Maidman's paintings range from the figure and portraiture, to still lives and landscapes, to investigations of machinery, architecture, and microflora. The images occupy a spectrum from high rendering to almost total abstraction. His work has been shown in invitational and juried exhibitions in New York, Washington DC, California,[3] Ohio, Missouri, and Oregon.[4] His painting Hands #1 was selected by the Saatchi Gallery to be displayed at Gallery Mess in London. The work in his 2012 Manhattan solo show Blue Leah, at Dacia Gallery [5] was reviewed as follows by The Huffington Post:[6]
He has produced work in collaboration with installation artist Erika Johnson,[7] author Kathleen Rooney,[8] and actor Martin Donovan.[9] Several of Maidman’s life drawings, anatomical drawings, and Blue Leah paintings were shown at an invitational group show, The Anatomy of an Idea, at the Alden B. Dow Museum of Science and Art, in Midland, MI, in 2013. His paintings have repeatedly been finalists in the annual figurative painting competition of The Artist’s Magazine.[10] His artwork has been published, among others, by Poets/Artists and Manifest.[11] Maidman’s collectors include Chicago entrepreneur Howard A. Tullman,[12] best-selling novelist China Miéville, and New York Magazine senior critic Jerry Saltz.[13]
Maidman has developed a large body of writing on art, ranging from technique and criticism to philosophy and aesthetics. He takes a broad approach to art styles and movements. While his focus is figurative painting, he seeks ways to read the work he encounters regardless of idiom. This latitudinarian attitude has earned his writing followings among both the academic and contemporary arts communities.

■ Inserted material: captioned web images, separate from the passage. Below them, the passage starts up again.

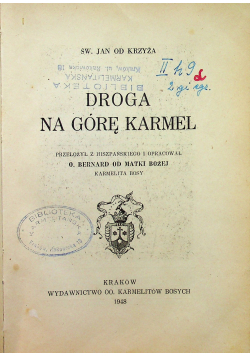 Dzieła św Jana od Krzyża Droga na Górę Karmel 1948 r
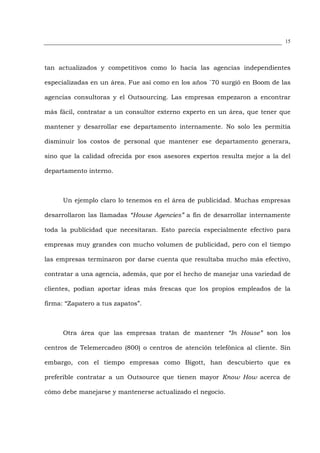 15




tan actualizados y competitivos como lo hacía las agencias independientes

especializadas en un área. Fue así como en los años `70 surgió en Boom de las

agencias consultoras y el Outsourcing. Las empresas empezaron a encontrar

más fácil, contratar a un consultor externo experto en un área, que tener que

mantener y desarrollar ese departamento internamente. No solo les permitía

disminuir los costos de personal que mantener ese departamento generara,

sino que la calidad ofrecida por esos asesores expertos resulta mejor a la del

departamento interno.



      Un ejemplo claro lo tenemos en el área de publicidad. Muchas empresas

desarrollaron las llamadas “House Agencies” a fin de desarrollar internamente

toda la publicidad que necesitaran. Esto parecía especialmente efectivo para

empresas muy grandes con mucho volumen de publicidad, pero con el tiempo

las empresas terminaron por darse cuenta que resultaba mucho más efectivo,

contratar a una agencia, además, que por el hecho de manejar una variedad de

clientes, podían aportar ideas más frescas que los propios empleados de la

firma: “Zapatero a tus zapatos”.



      Otra área que las empresas tratan de mantener “In House” son los

centros de Telemercadeo (800) o centros de atención telefónica al cliente. Sin

embargo, con el tiempo empresas como Bigott, han descubierto que es

preferible contratar a un Outsource que tienen mayor Know How acerca de

cómo debe manejarse y mantenerse actualizado el negocio.
 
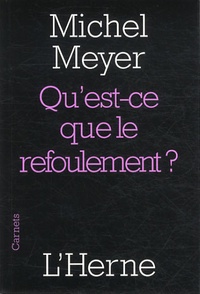 Michel Meyer - Qu'est-ce que le refoulement ?.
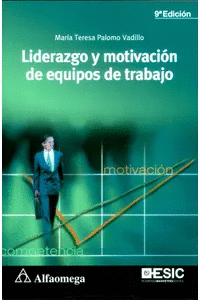 LIDERAZGO Y MOTIVACION DE EQUIPOS DE TRABAJO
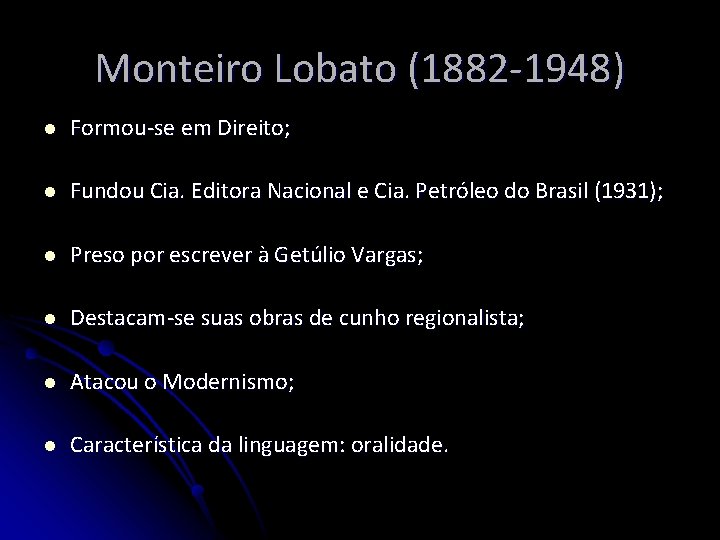 Monteiro Lobato (1882 -1948) l Formou-se em Direito; l Fundou Cia. Editora Nacional e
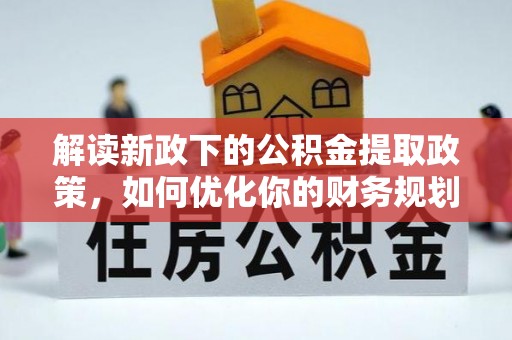 昭化解读新政下的公积金提取政策，如何优化你的财务规划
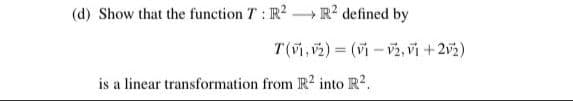 (d) Show that the function T: R? -R? defined by
T(vi,v2) = (vi - v2, vi + 2v2)
is a linear transformation from IR2 into R2.
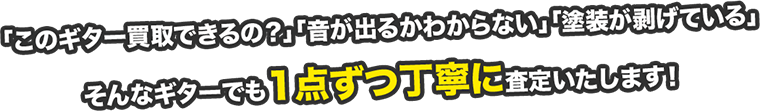 「このギター買取できるの？」「音が出るかわからない」「塗装が剥げている」 そんなギターでも1点ずつ丁寧に査定いたします！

Maidman's writing on technique has appeared at Artist Daily [14] and been extensively published in International Artist.[15] His criticism and general art writing appears regularly at The Huffington Post.[16] His writing and thoughts on art have also appeared in ARTnews,[17] Whitehot Magazine,[18] and MAKE Literary Magazine.[19] His writing on Da Vinci was taught at DePaul University and Roosevelt University in 2012. In 2013, he was invited to moderate the graduating fellows panel at the New York Academy of Art.[20]